• **Assigned task**
Return the data that follows exactly as it appears. Pictures do not belong in the copy.

• **Exercise inputs**
= Beginning of Section =

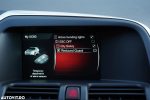 Volvo XC 60 D5 AWD Geartronic Summum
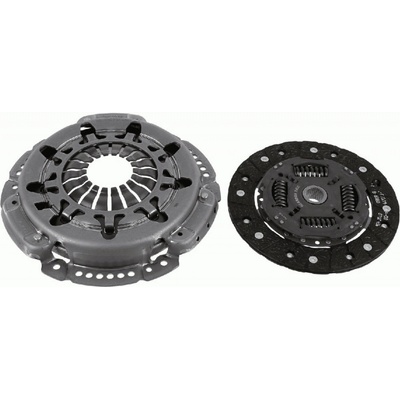 Spojková sada SACHS 3000 950 780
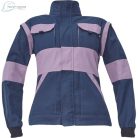 Jacheta de lucru pentru femei Max Neo Lady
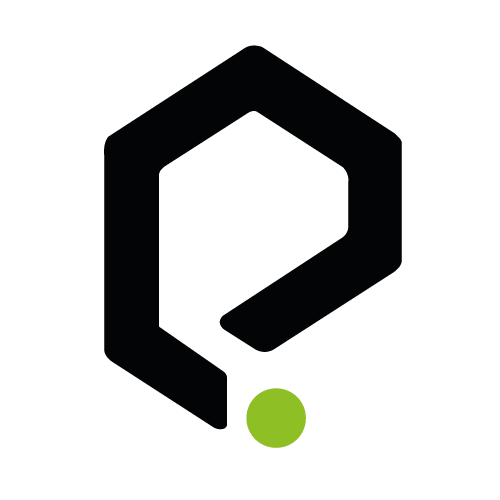 primecase.com.br icon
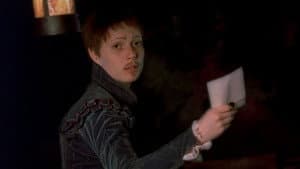 Shakespeare Apaixonado — imagem 7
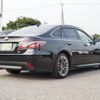 toyota crown 2021 CFJ1584751 image 5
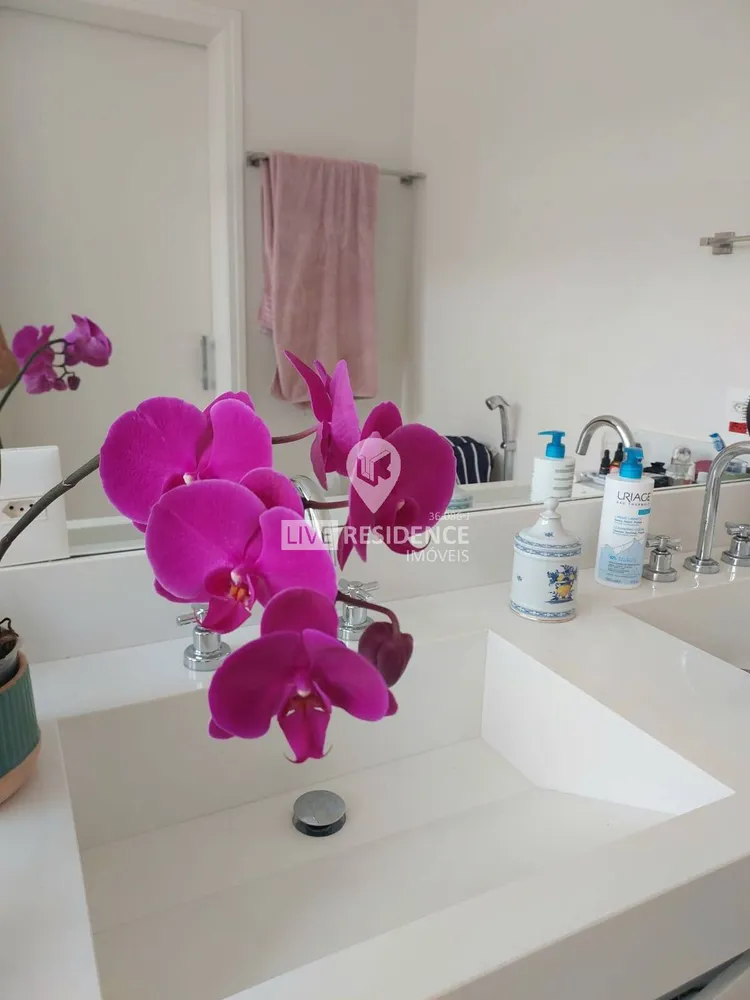 Casa, 2 quartos, 266 m² - Foto 6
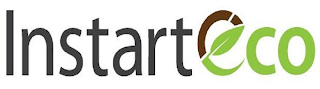 INSTARTECO logo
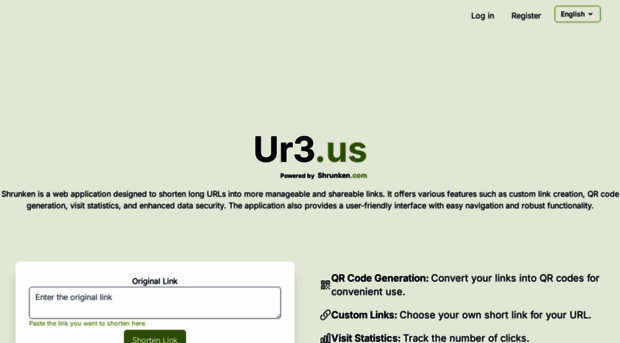 ur3.us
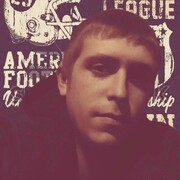 Серега, 28, Ростов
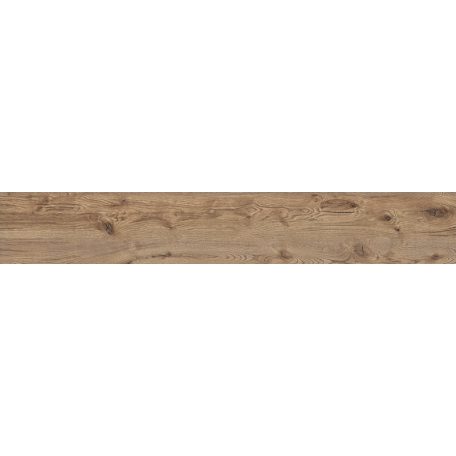 Tubadzin Wood Grain Red STR  19x119,8x0,8cm dlažba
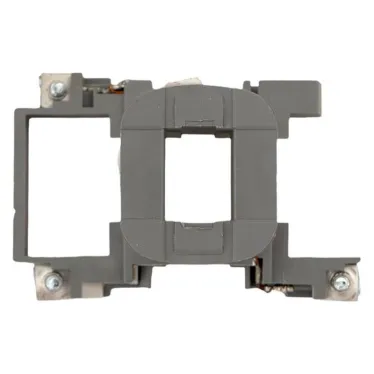 Катушка управления КМЭ 25А-32А 24В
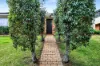 21 Bennett Place, Raymond Terrace NSW 2324-Image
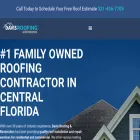 davisroofingandrestoration.com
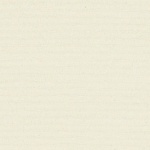 Loneta tintado liso beige
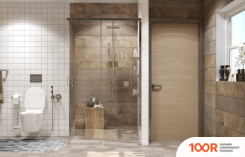 Ambassador SET 11011106R-PR2 (50695)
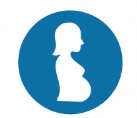 Obstetrics & Gynaecology
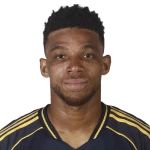 Frank Fabra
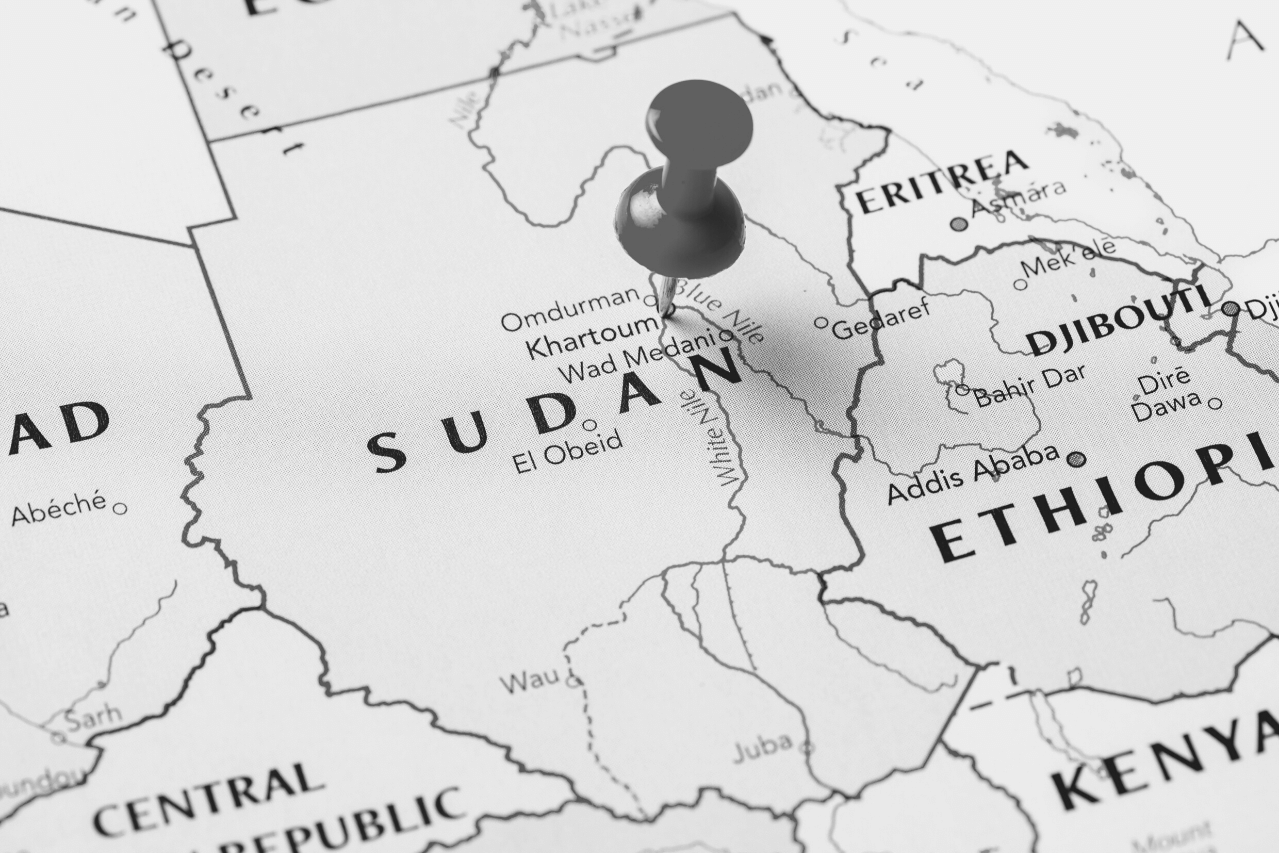 Sudanese Culture: Understanding the Diversity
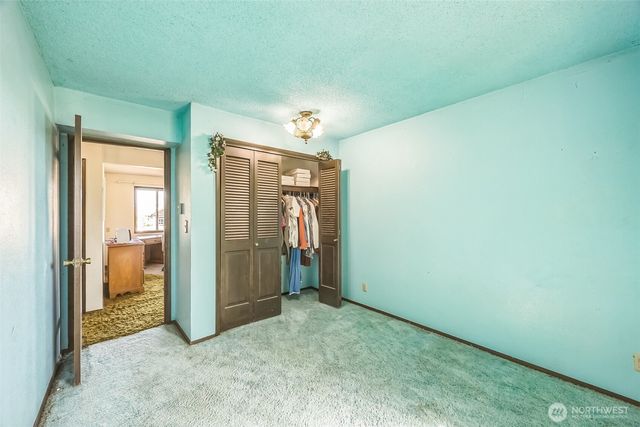 2420 Simpson Avenue, Hoquiam, WA 98550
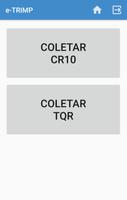 2 Schermata e-TRIMP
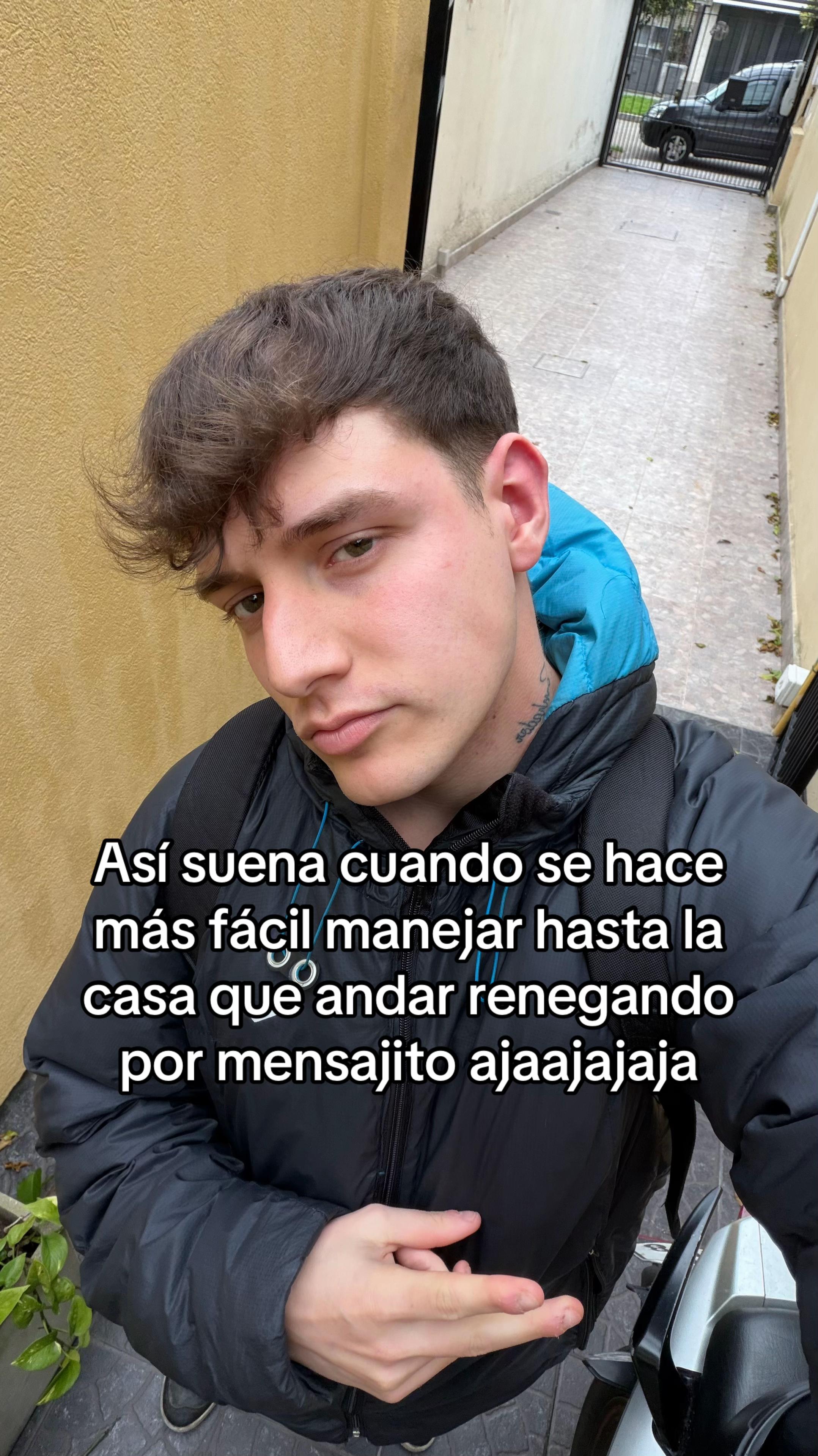 @ffranmaglio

= End of Section =

• **Solution**
 Volvo XC 60 D5 AWD Geartronic Summum
 Spojková sada SACHS 3000 950 780
 Jacheta de lucru pentru femei Max Neo Lady
 primecase.com.br icon
 Shakespeare Apaixonado — imagem 7
 toyota crown 2021 CFJ1584751 image 5
 Casa, 2 quartos, 266 m² - Foto 6
 INSTARTECO logo
 ur3.us
 Серега, 28, Ростов
 Tubadzin Wood Grain Red STR  19x119,8x0,8cm dlažba
 Катушка управления КМЭ 25А-32А 24В
 21 Bennett Place, Raymond Terrace NSW 2324-Image
 davisroofingandrestoration.com
 Loneta tintado liso beige
 Ambassador SET 11011106R-PR2 (50695)
 Obstetrics & Gynaecology
 Frank Fabra
 Sudanese Culture: Understanding the Diversity
 2420 Simpson Avenue, Hoquiam, WA 98550
 2 Schermata e-TRIMP
 @ffranmaglio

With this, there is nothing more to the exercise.